**WHAT IS EXPECTED:** In the listing below, the lines starting at the line with "Parenting From Your" and ending at the line with "Suspicious of her" are to be output verbatim. Images stay out of the copy.
::::::::
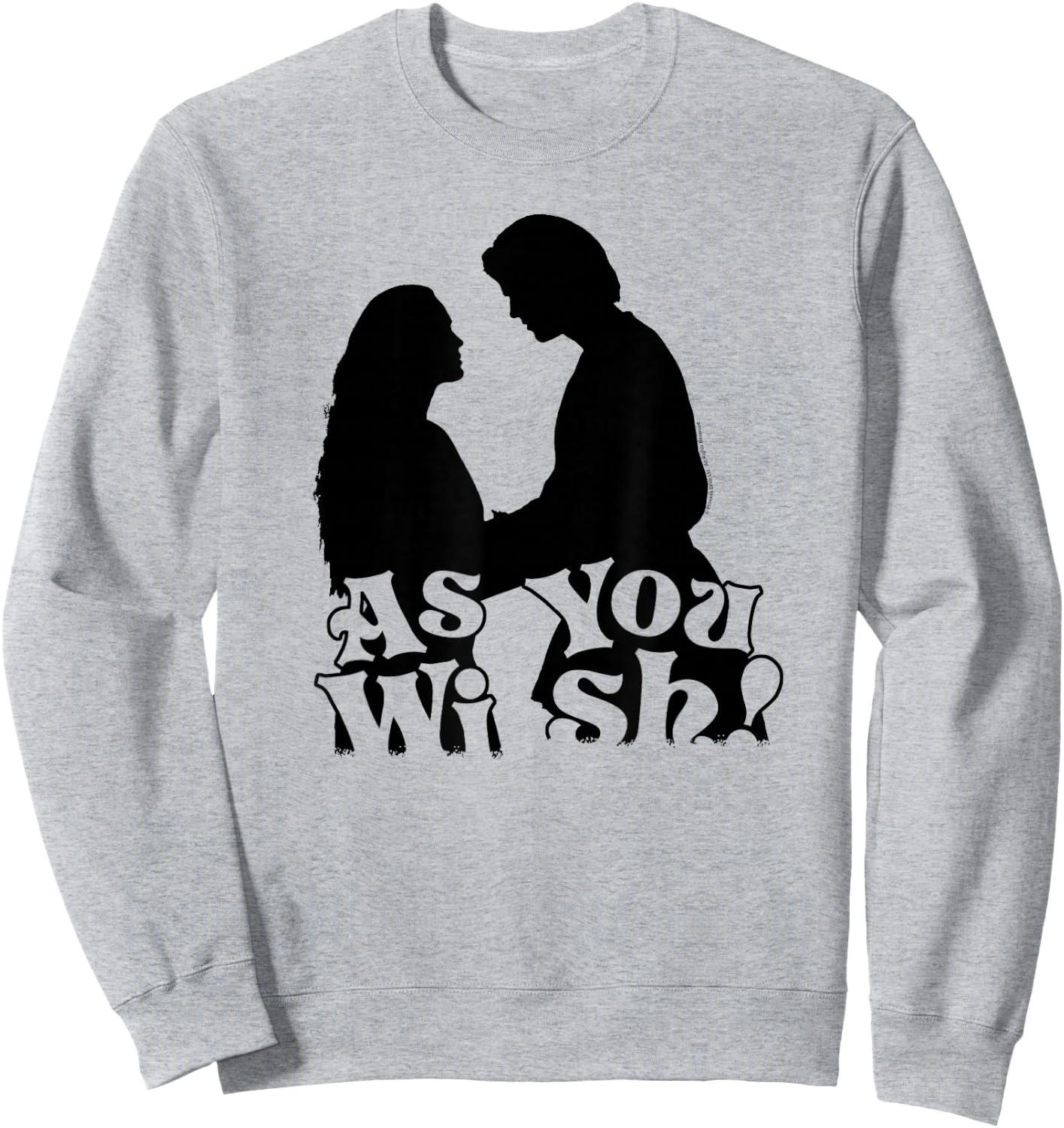 Princess Bride As You Wish Solid Silhouette Retro Movie Sweatshirt - Sweatshirt | Ash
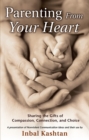 Parenting From Your Heart : Sharing the Gifts of Compassion, Connection & Choice - Book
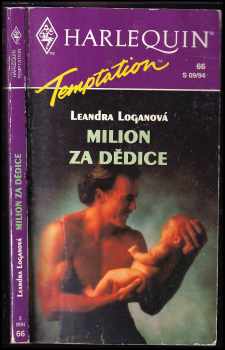 Milion za dědice - Leandra Logan (1994, Harlequin) - ID: 934026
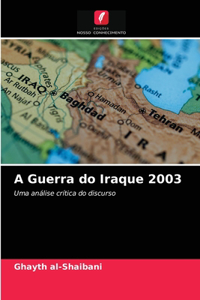 A Guerra do Iraque 2003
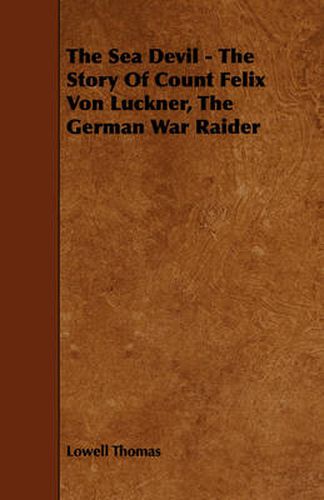 Cover image for The Sea Devil - The Story of Count Felix Von Luckner, the German War Raider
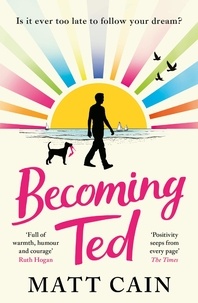 Matt Cain - Becoming Ted - The joyful and uplifting novel from the author of The Secret Life of Albert Entwistle.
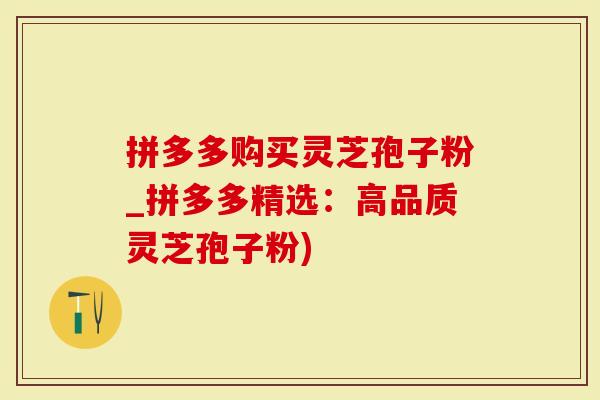 拼多多购买灵芝孢子粉_拼多多精选：高品质灵芝孢子粉)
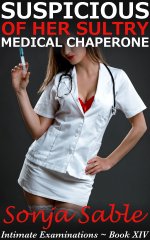 Suspicious of her Sultry Medical Chaperone_ Intimate Examinatio of Medical Embarrassment and P...jpg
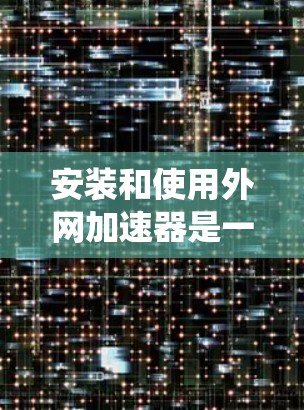 安装和使用外网加速器是一个系统化的流程,以下是一步步的指南 安装和使用外网加速器是一个系统化的流程,以下是一步步的指南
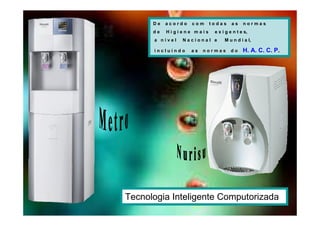 De   acordo   com   todas      as    normas
      de   Higiene mais     e x i g e n t e s,
      a nível   Nacional e       M u n d i a l,

      incluindo     as   normas     do     H. A. C. C. P.




Tecnologia Inteligente Computorizada
 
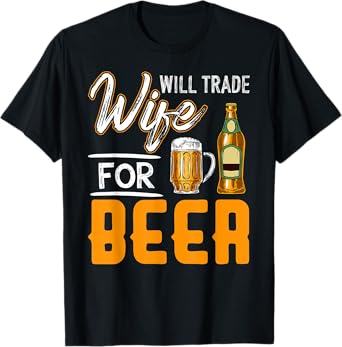 Will Trade Wife For Beer Shirt Funny Beer Drinking T-Shirt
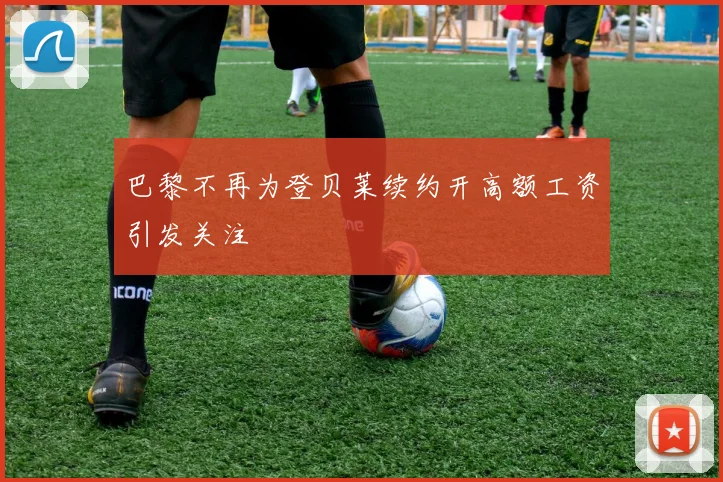 巴黎不再为登贝莱续约开高额工资引发关注
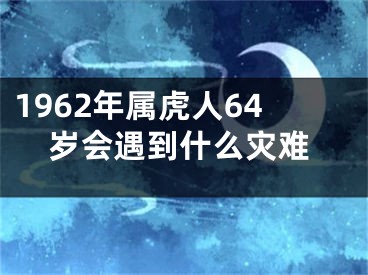 1962年属虎人64岁会遇到什么灾难
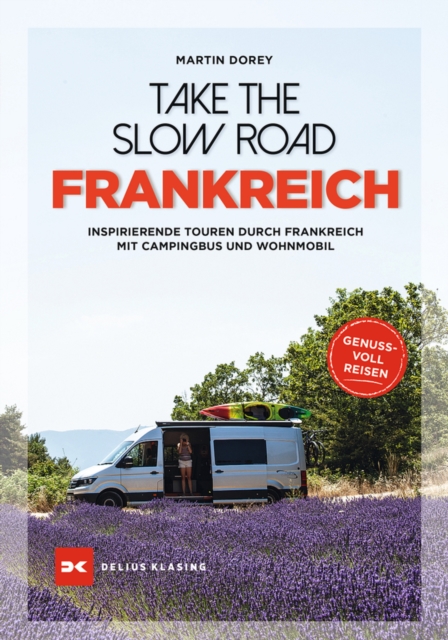 Take the Slow Road Frankreich : Inspirierende Touren durch Frankreich mit Campingbus und Wohnmobil, EPUB eBook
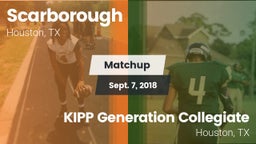 Matchup: Scarborough vs. KIPP Generation Collegiate 2018
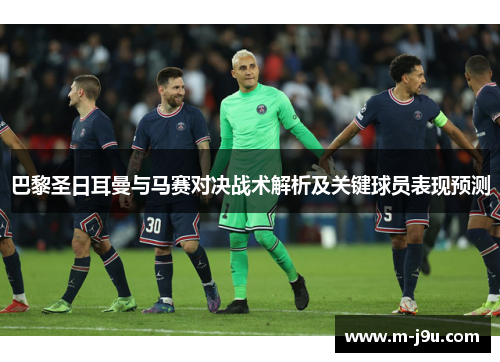 巴黎圣日耳曼与马赛对决战术解析及关键球员表现预测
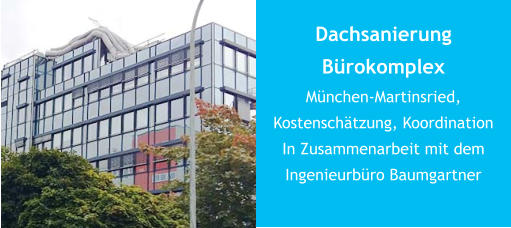 Dachsanierung BürokomplexMünchen-Martinsried,Kostenschätzung, KoordinationIn Zusammenarbeit mit demIngenieurbüro Baumgartner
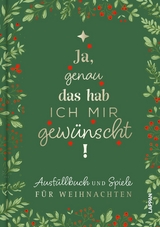 Ja, genau das hab ich mir gewünscht! - 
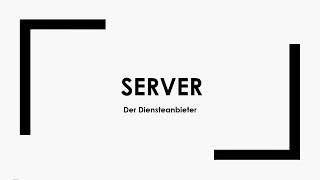 Server einfach und kurz erklärt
::::::::
**ANSWER SECTION:**
 Parenting From Your Heart : Sharing the Gifts of Compassion, Connection & Choice - Book
 Milion za dědice - Leandra Logan (1994, Harlequin) - ID: 934026
 A Guerra do Iraque 2003
 Cover image for The Sea Devil - The Story of Count Felix Von Luckner, the German War Raider
 Matt Cain - Becoming Ted - The joyful and uplifting novel from the author of The Secret Life of Albert Entwistle.
 拼多多购买灵芝孢子粉_拼多多精选：高品质灵芝孢子粉)
 Suspicious of her Sultry Medical Chaperone_ Intimate Examinatio of Medical Embarrassment and P...jpg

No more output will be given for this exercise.